--- DATA EXTRACT ---

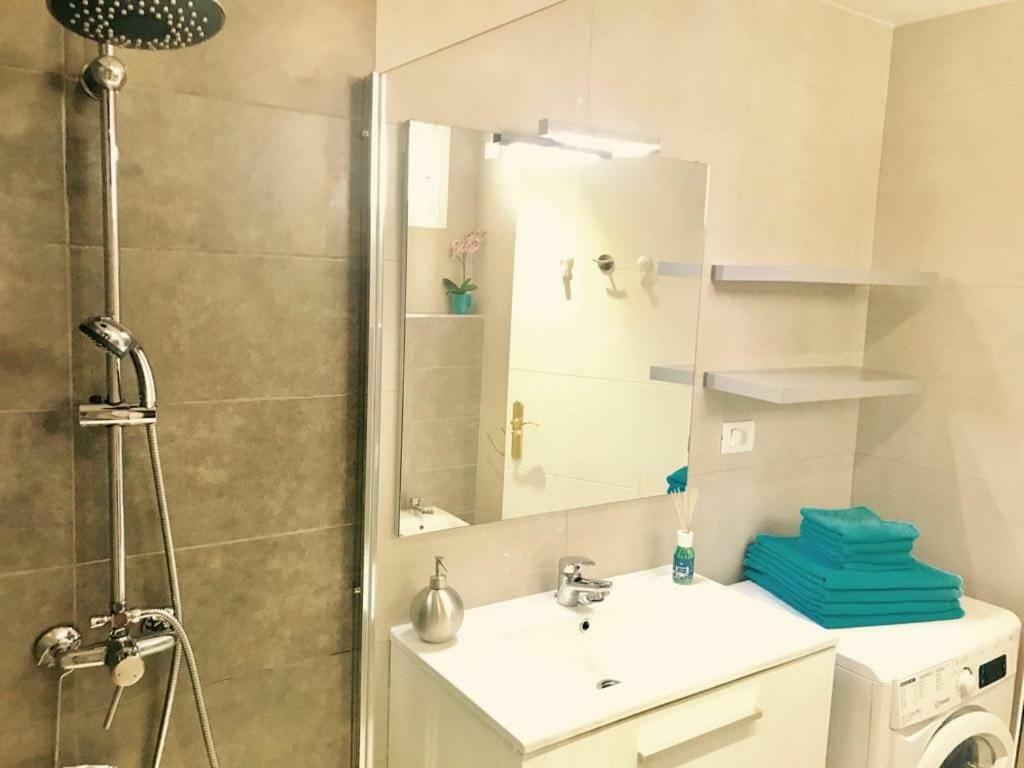 Apartment El Dorado 플라야데라스아메리카스 외부 사진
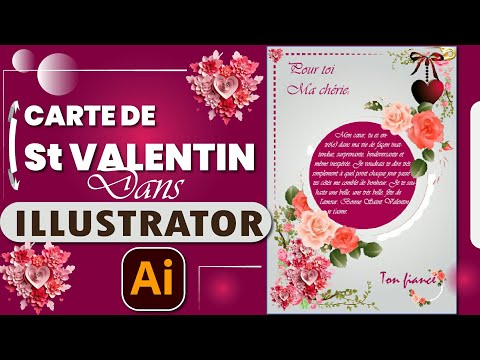 Tuto détaillé comment créer un logo pas à pas sur Illustrator pour débutant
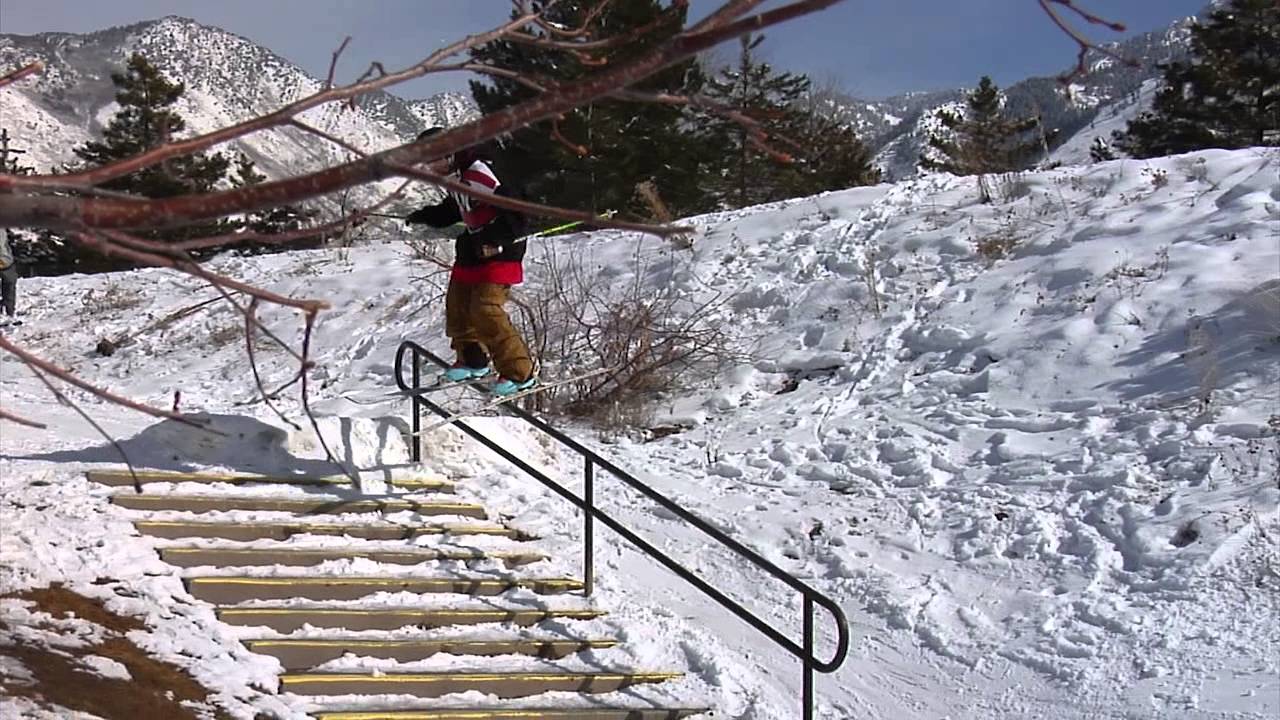 Classic Traveling Circus Rail Gardens Footage YouTube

--- TASK DIRECTIONS ---
Please transcribe the material above exactly as written. Leave the pictures out.

--- YOUR SOLUTION ---
 Apartment El Dorado 플라야데라스아메리카스 외부 사진
 Tuto détaillé comment créer un logo pas à pas sur Illustrator pour débutant
 Classic Traveling Circus Rail Gardens Footage YouTube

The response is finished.